Problem description>
Each line from the one containing "Nitril-Einweghandschuhe 35BLACK (schwarz, 100" through the last line of the records is to be repeated exactly, with all pictures left out.

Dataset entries
*** Begin section ***

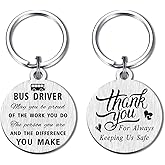 Yobent Bus Driver Appreciation Gifts for Men Women, School Bus Driver Birthday Thank You Keychain, Thank You for Always Keeping Us Safe Ideas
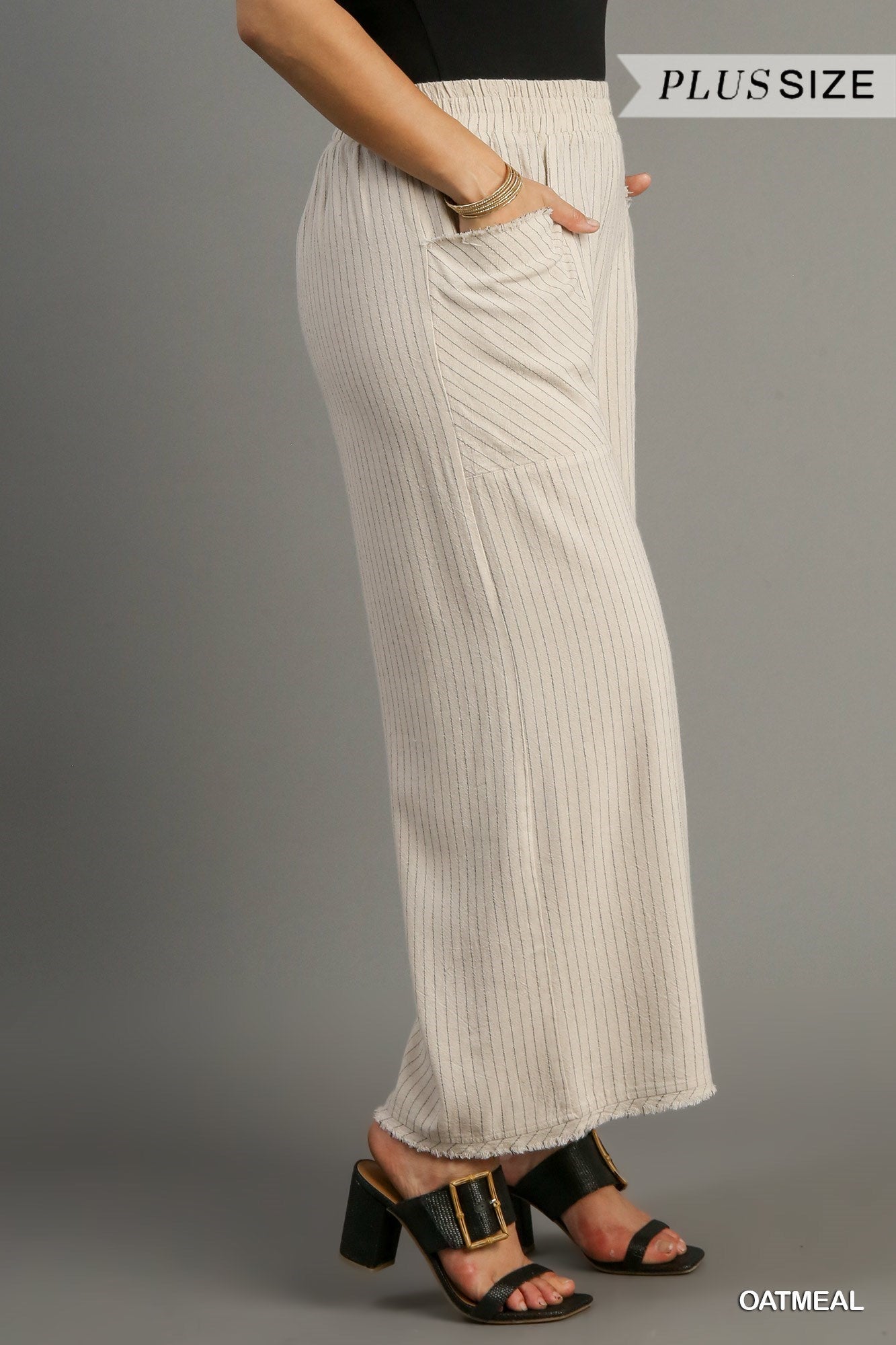 Umgee Linen Blend Oatmeal Stripe Wide Leg Pants With Frayed Details Plus-Curvy/Plus Pants-Umgee-Deja Nu Boutique, Women's Fashion Boutique in Lampasas, Texas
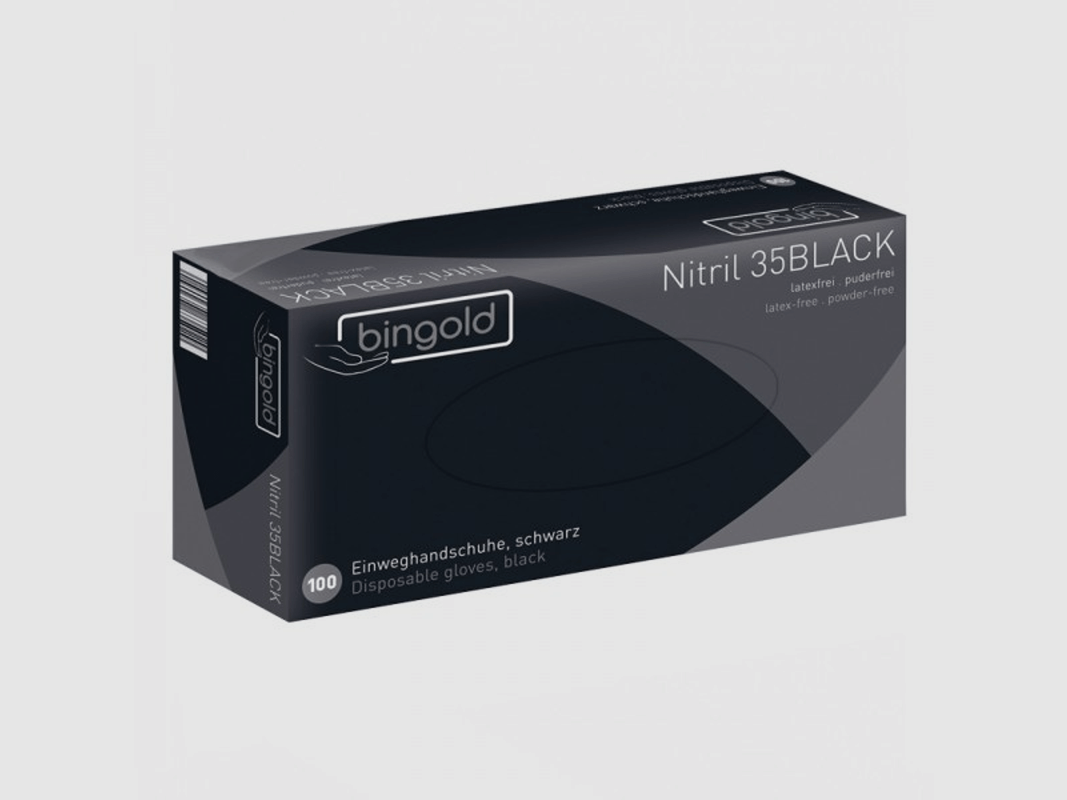 Nitril-Einweghandschuhe 35BLACK (schwarz, 100 Stück)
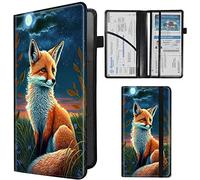 SDDFRHGH Car Registration and Insurance Holder,Leather Insurance License and Registration Card Holder for Car Glove Box, Auto Truck Document Holder Organizer for Men Women-Fox in the Moon Night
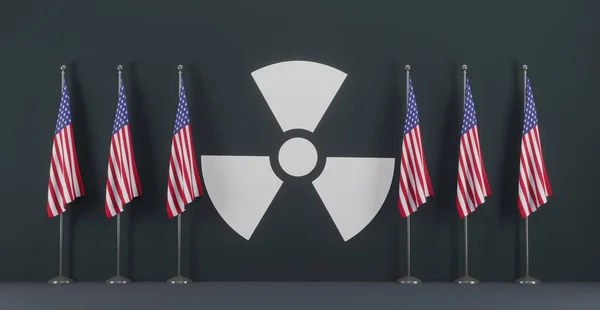 Nuclear Club Usa Usa Nuclear Weapons Powers Usa Flag Nuclear — Foto de Stock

*** End section ***

Exercise solution>
 Nitril-Einweghandschuhe 35BLACK (schwarz, 100 Stück)
 SDDFRHGH Car Registration and Insurance Holder,Leather Insurance License and Registration Card Holder for Car Glove Box, Auto Truck Document Holder Organizer for Men Women-Fox in the Moon Night
 Nuclear Club Usa Usa Nuclear Weapons Powers Usa Flag Nuclear — Foto de Stock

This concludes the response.